Un arrêt emblématique a posé le principe selon lequel l’absence de communication d’une information financière ne suffit pas à elle seule à justifier la résolution du contrat : encore faut-il démontrer que ce manquement a causé un préjudice réel. Cette exigence de lien de causalité protège les entreprises contre des actions opportunistes fondées sur des irrégularités mineures.
À l’inverse, lorsque le manquement est caractérisé et le préjudice démontré, les tribunaux de commerce n’hésitent pas à prononcer des condamnations substantielles. La réparation intégrale du préjudice commercial — incluant le manque à gagner et les frais engagés pour y remédier — peut représenter des sommes considérables pour les entreprises condamnées.
Cette jurisprudence invite à une lecture dynamique de l’article R145-35 : le texte ne se suffit pas à lui-même.
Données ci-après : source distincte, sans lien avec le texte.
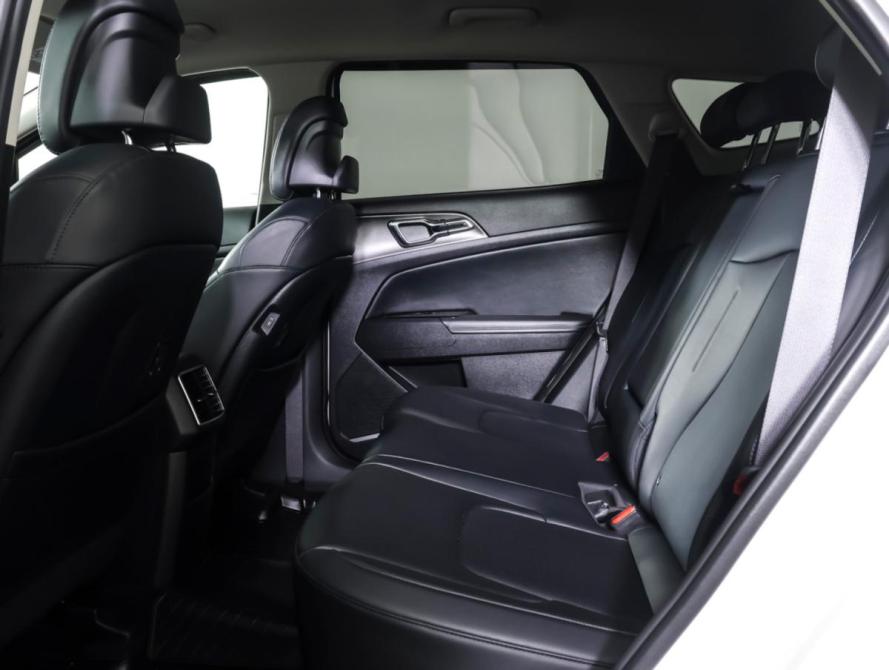 Kia Sportage V Москва  - изображение 12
Son interprétation par les juges consulaires, souvent eux-mêmes issus du monde des affaires, tient compte des usages du secteur et des pratiques habituelles entre les parties. Un comportement conforme à l’usage de la profession peut atténuer la sévérité de la sanction, même en cas de manquement formel.
Seul un professionnel du droit — avocat spécialisé en droit commercial ou juriste d’entreprise — peut analyser votre situation à l’aune de cette jurisprudence et vous conseiller sur la stratégie à adopter, qu’il s’agisse de prévention ou de défense. Le texte consolidé de l’article R145-35 est consultable gratuitement sur Légifrance, mais sa lecture brute ne dispense pas d’une analyse juridique approfondie.